So...
basically they tested it in production with no idea what would happen? Good to know they don't actually have any important data to lose.
Before turning on its new custom-built data center in Prineville, Oregon, Facebook simulated the facility inside one of its two existing data center regions. Known as Project Triforce, the simulation was designed to pinpoint places where engineers had unknowingly fashioned the company's back-end services under the assumption …
I know what you mean, but what would you suggest? Loadrunner? I have tested extreme ingestion rates for email archiving, and getting the type of unique load that is needed requires some doing. We tried signing up for SPAM and got a decent volume per day.

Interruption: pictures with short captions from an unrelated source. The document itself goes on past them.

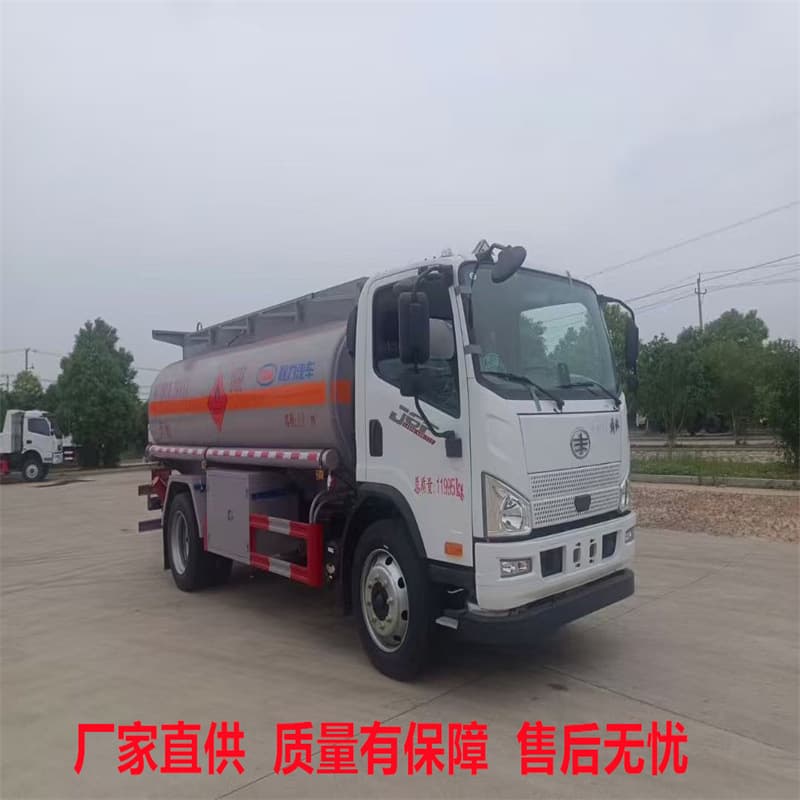 Jiefang 10m³ Refueling Truck, Aircraft Refueling Truck, Mobile Construction Site Logistics Park Oil Transport Vehicle, Oil Tanker Factory Price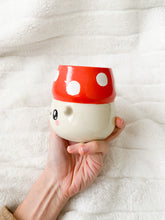 Load image into Gallery viewer, Mushroom Boi Planter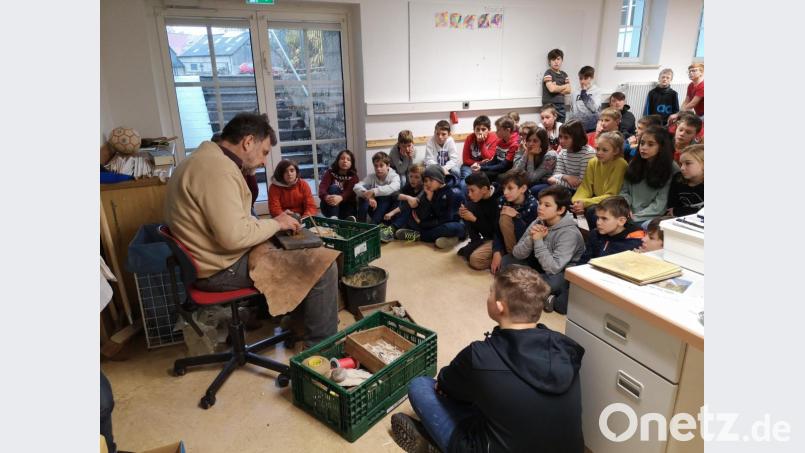 „Geschichte zum Anfassen“ bot der Archäologe Lother Breinl (links) den Sechstklässlern. Bild: jzk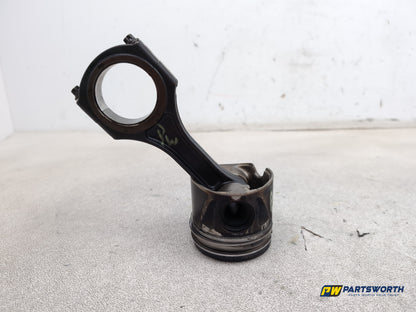 Mercedes-Benz E220 E-Class W212 Diesel 2.1l Piston With Conrod Om 651.924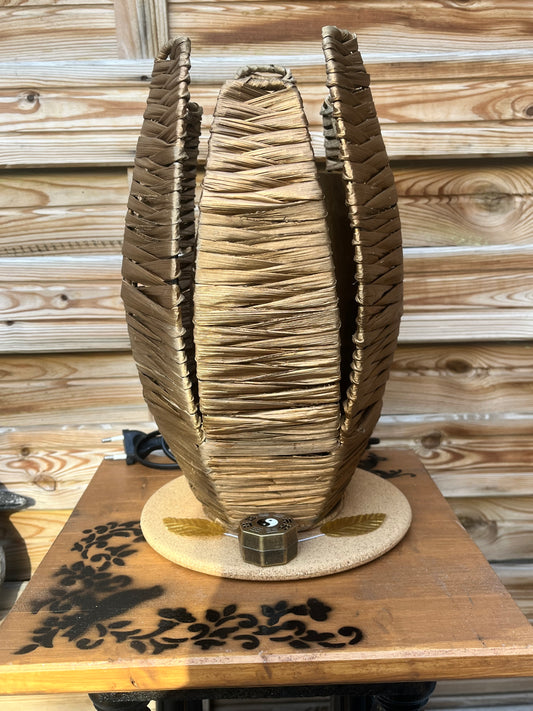 Lampe en raphia naturel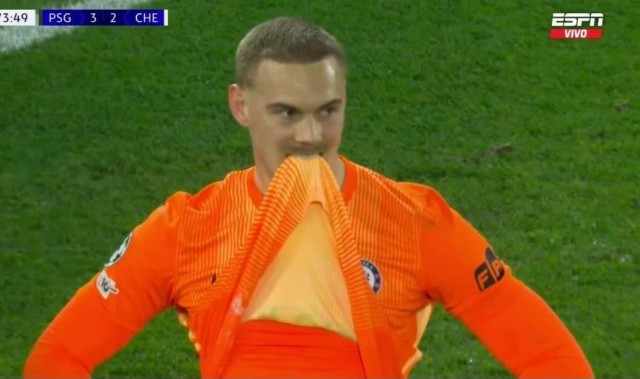 九游体育APP-致敬热刺？切尔西欧冠上二门，结果因门将俩失误同样2-5惨败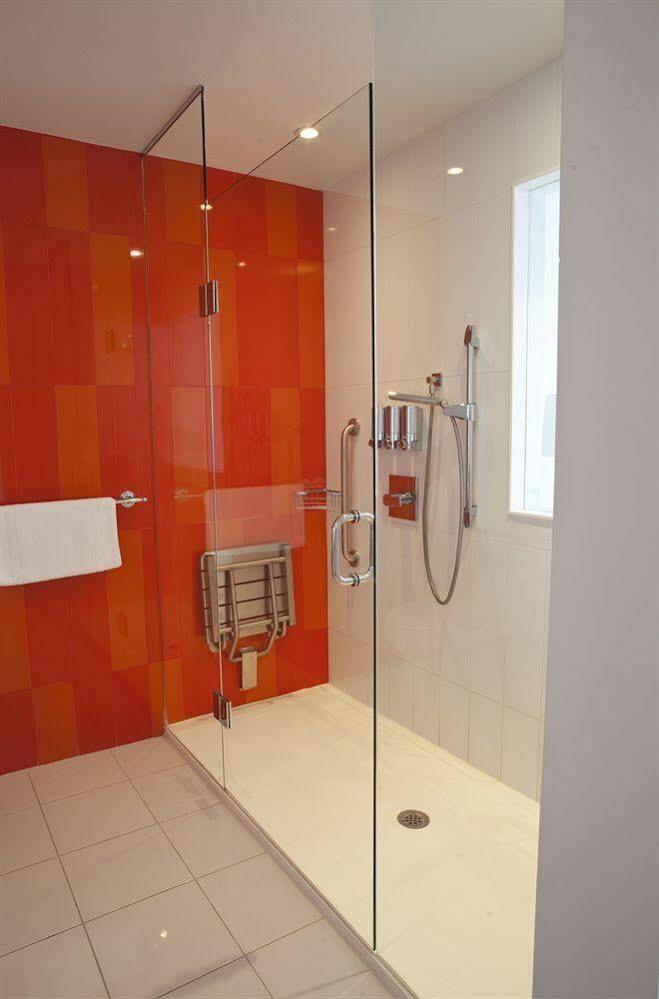 Hotel The Beverley Queen West, Sonder By Marriott Bonvoy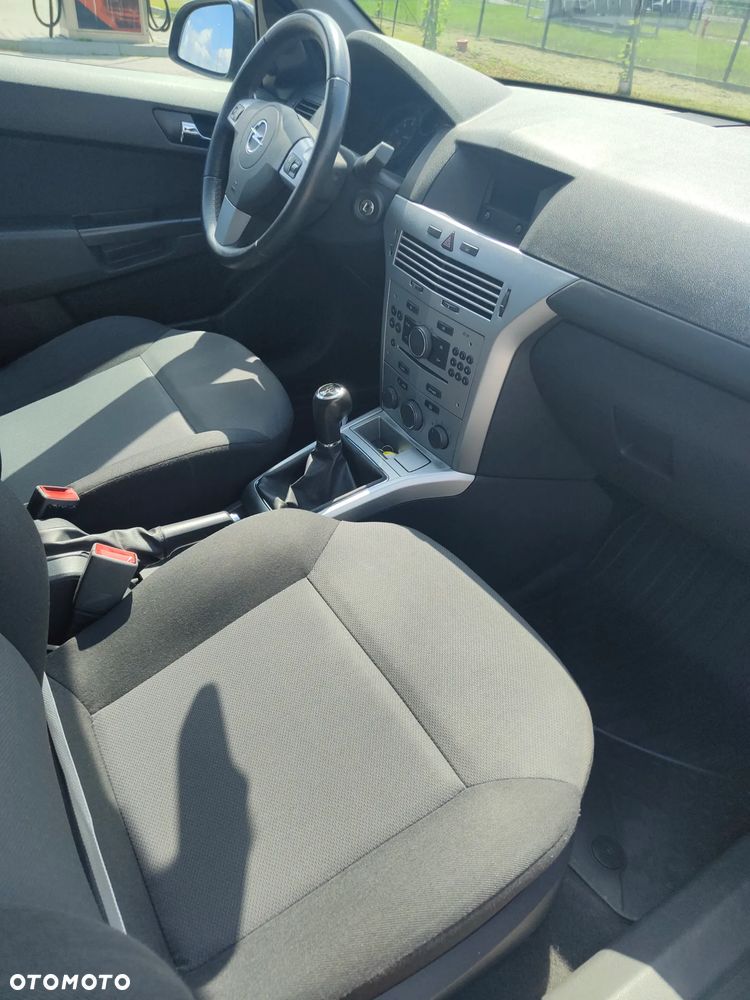 Opel Astra 1.6 - 12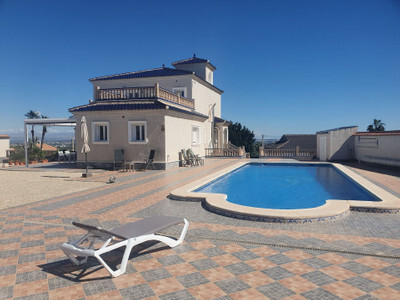 Villa in Alicante - view 1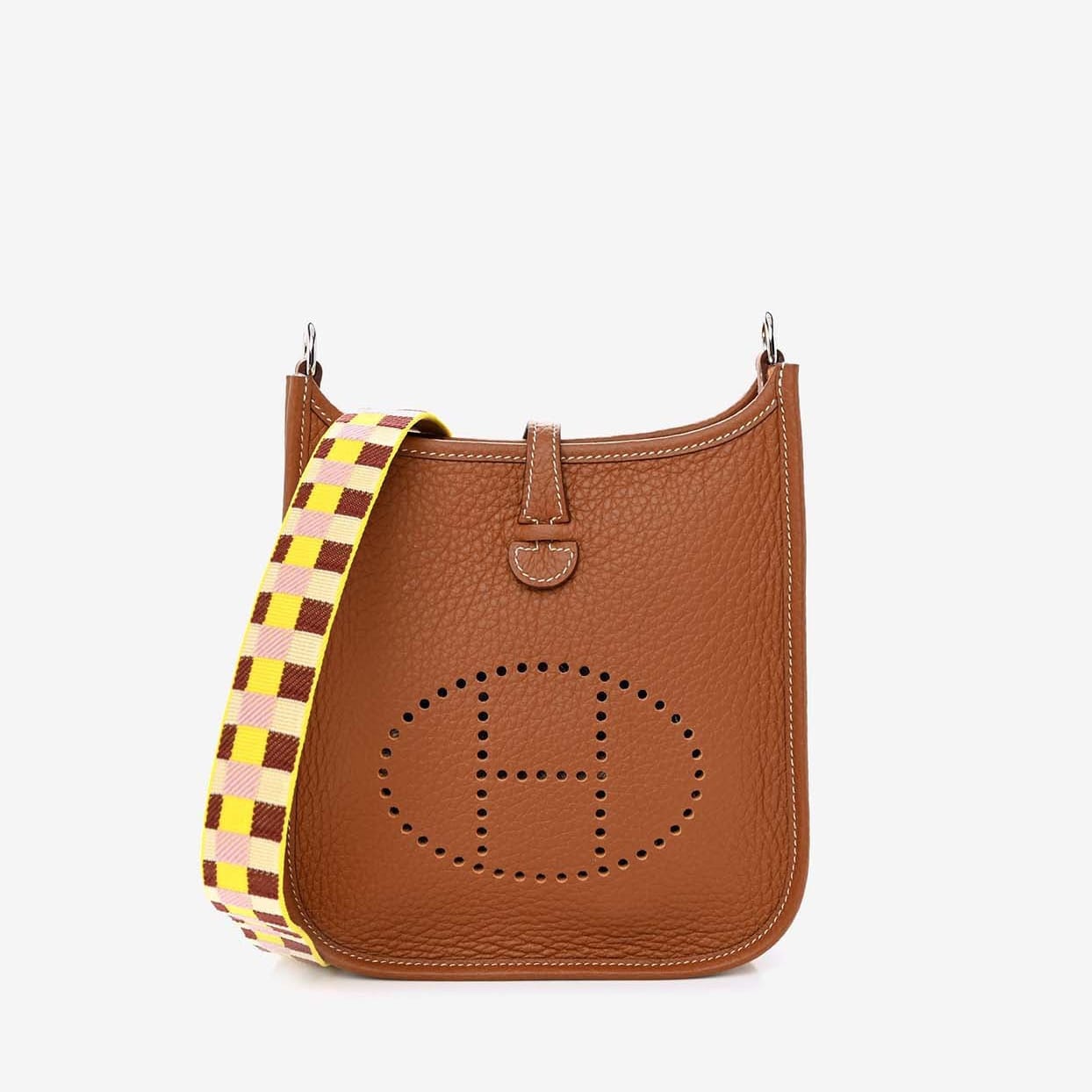 Replica Designer Bags Hermes Bag Replica Evelyne Tpm Maxi Quadrille In Gold Taurillon Clemence With Palladium Hardware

This did not reflect the types of attachments though, so we needed to use additional sending agents. There is nothing like real user data to understand performance characteristics. Trying to model it is exceedingly difficult.
The stress tests are not easy to design. With facebook's growth rate, they had a lot on the line to get it right. One of the most fascinating things about user activity is that if something is not responsive it will actually increase load...they will click refresh or issue another request. You know what this does to a web server or the database in the background. First transaction is not cancelled on the server side...
I have also tested very large Email Archive (100k mailboxes) what we did was ran a pre-live test trial with simulted data to check that everything was basically functioning ok. Once complete we got volunteers from different areas of the business to be signed up by their bosses. Once we'd seen that that worked we moved our users into the archive system in tranches of a few thousand a time to make sure there was no adverse effects on their work or the system.
I have a dev right now that is telling me we can just throw hardware at a design we are building. My old database and design experience tells me no amount of hardware makes up for sloppy code, it follows the 2nd Law of Thermodynamics. We are bringing in an architect and performance analyst.
It's never done is it?
I have this argument with devs and project managers at least every 6-9 months and have had for the last 16 years in database work. Yes sometimes it is necessary, but as every DB tuning book as ever preached, start with the app code, get that almost perfect then start picking on the DB and the hardware. Then when you're done, go round the loop again as many times as time allows.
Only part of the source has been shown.